Originally Posted by noseoil
Now, your apropriate film speed is also determined by the paper you use. For example, in my film speed and developing test using the BTZS with Pyrocat HD and TMY as well as Ultrafine (knock off Ilford) I got full film speed but since pt/ pd compresses the tonality so much when printing, I cut the speed in half, effectively moving all the values up on the curve one stop. So for me, "zone III" is actually 0.6 to 0.7 as opposed to the "Adams" values of .3 to .4.
Azo has a very good DR, in fact far better than pt/pd but from what I understand MAS develops his negatives to be very dense, which leads me to believe Azo might be in the same boat as pt/pd, since it has such a long range, perhaps using higher density values for the shadows might be a good thing.
IMO the object of testing, either by the ZS or the BTZS is not to obtain the thinnest possible negative with all the information, but to obtain information that will allow you consistently produce negatives with the desired information in them. With roll film it is important to get the thinniest possible negative to reduce grain, we dont have that constraint with LF.

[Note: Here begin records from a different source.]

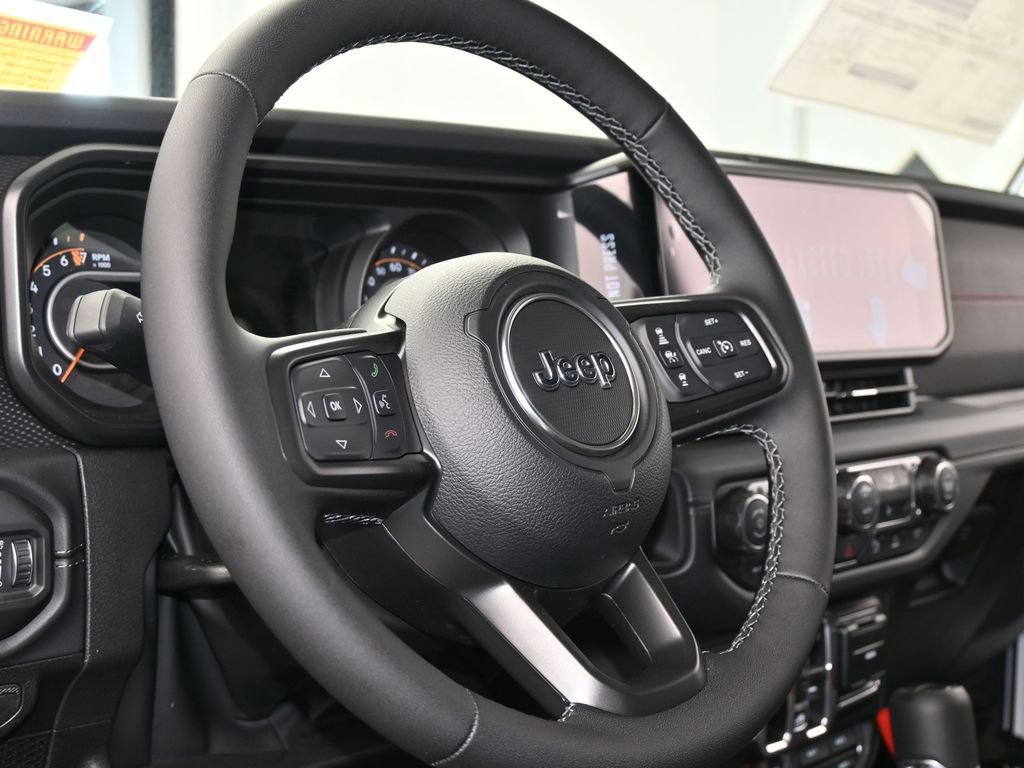 New 2026 Jeep Gladiator Rubicon AWD/4WD image 13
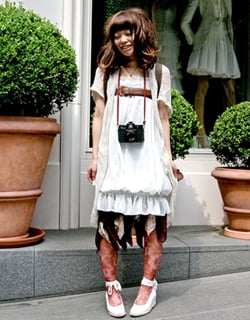 最先端ストリートに 女カメラ小僧 が急増 レトロな雰囲気でアクセサリー代わりに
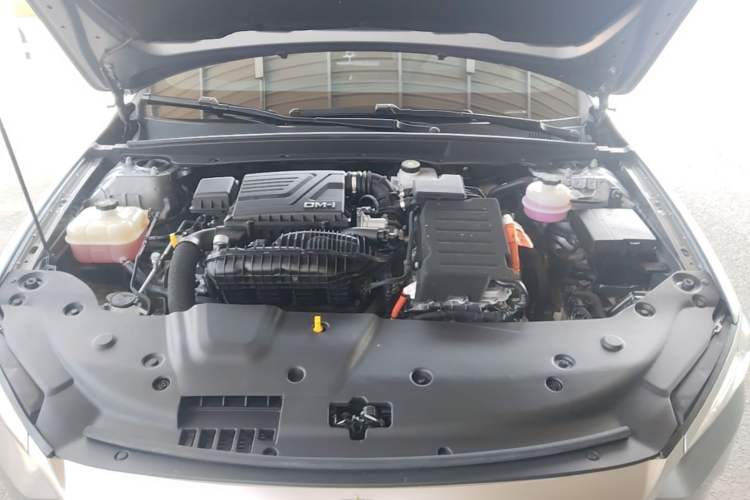 Used BYD Qin PLUS 2023 Champion Edition DM-i 120KM Leading Model Engine Bay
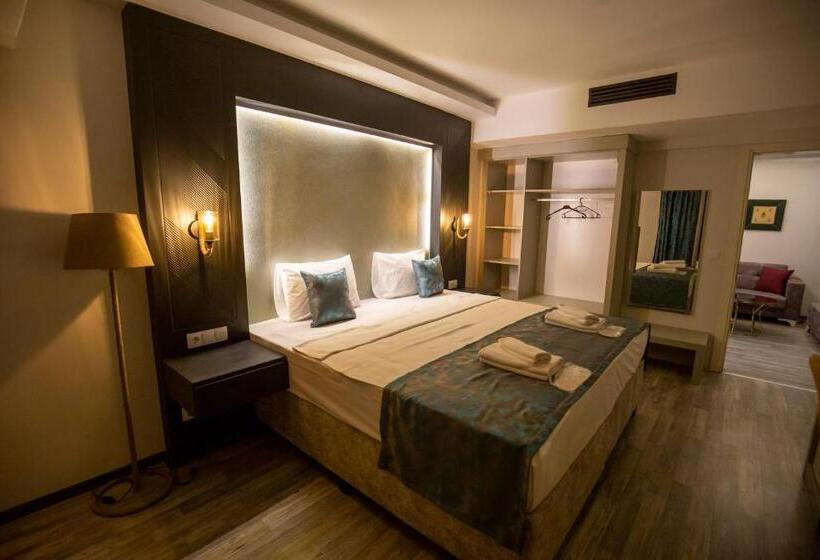 디럭스 스위트 킹 침대, Anya Resort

I guess it's a matter of how someone defines film speed. To me, you are talking about exposure index which can be interpreted as a personal choice for the speed setting and not about the actual film speed. I also assume the reason why you set your EI to a lower than indicated speed setting is to give you a safety factor. I can't see you actually printing the shadow up around Zone IV. IMO, simply changing the EI doesn't really change the Zone placement. The relationship between the tones don't change. They are simply pushed up the curve. Then the higher densities of the negative are printing down. My idea of the Zone System is to visualize the tones of the final print when shooting, so when you "place" a value at a particular Zone, it's not a particular density on the negative, but a relative value on the finished print.
I've attached two three quadrant reproduction curves that illustrates difference between "normal" exposure" (Graph 5) and giving the film a little extra exposure and printing down the additional density (Graph 6). As you can see, there is very little difference.
So, there's nothing wrong with what you are doing. I was just commenting more on the connotations of certain terms.
Generally when we speak of "film speeds" we are talking about exposure index, the only people who can say film speed is the manufacturer after testing according to ISO standards. None of us do that.
No safety factor, the reason I double the speed is because of the exposure scale of the paper, not to give me a "safety factor".
I thought that is what I had said......
I can't see you actually printing the shadow up around Zone IV. IMO, simply changing the EI doesn't really change the Zone placement. The relationship between the tones don't change. They are simply pushed up the curve.
I know I have not been doing anything wrong, I have been doing it for years.
I am not sure what you are trying to accomplish, but if your tests tell you to rate Efk 25 at asa of 6, then stick with it. You are already 2 stops below what the manufacturer rates the film. What asa the manufacturer rates a film, is just a guide, a place to start.
Originally Posted by noseoil
If that is what works for you, your personal asa, then stick with it. Use it and go out into the field and just take pictures, have fun, create. Keep records of your exposures based on asa 6, zone placements, filters, development times. Print what you like as expressively as possible. Then learn from your records what worked and what didn't and then go shoot some more.
I have not done a film speed/developmenmt test in years. From what I have read Bruce Barnbaum doesn't do them at all. He just shoots and makes adjustments as needed.